Input data —
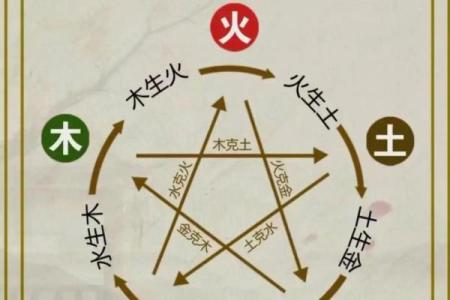 命理补土法解析：八字不同命运，补土如何影响未来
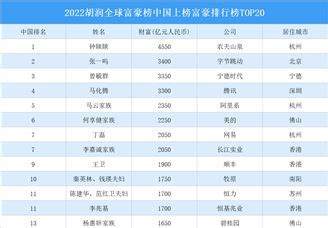 2022胡润全球富豪榜：迈瑞医疗李西廷、徐航，联影医疗薛敏，排名有变！｜数据 - 知乎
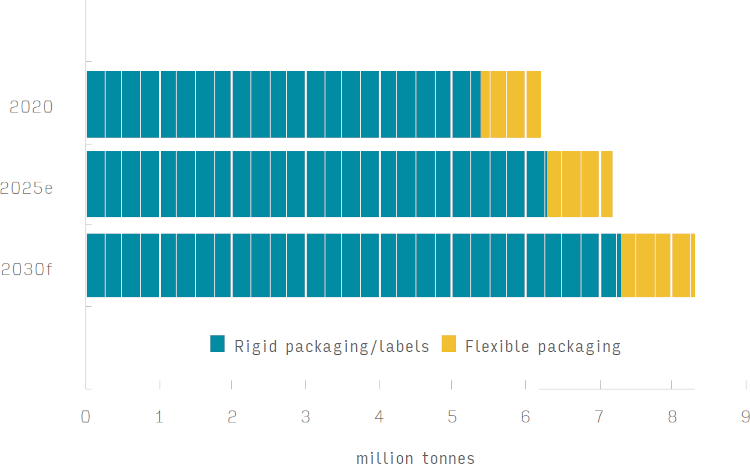 La sostenibilidad define la evoluci&oacute;n del mercado de adhesivos para envases, valorado en 21.600 millones de d&oacute;lares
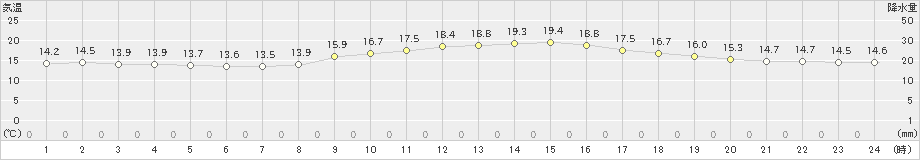 蒲江(>2022年11月05日)のアメダスグラフ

Required work — Omit the pictures. Repeat the rest of the data exactly.

Solution to the exercise —
 命理补土法解析：八字不同命运，补土如何影响未来
 2022胡润全球富豪榜：迈瑞医疗李西廷、徐航，联影医疗薛敏，排名有变！｜数据 - 知乎
 La sostenibilidad define la evoluci&oacute;n del mercado de adhesivos para envases, valorado en 21.600 millones de d&oacute;lares
 蒲江(>2022年11月05日)のアメダスグラフ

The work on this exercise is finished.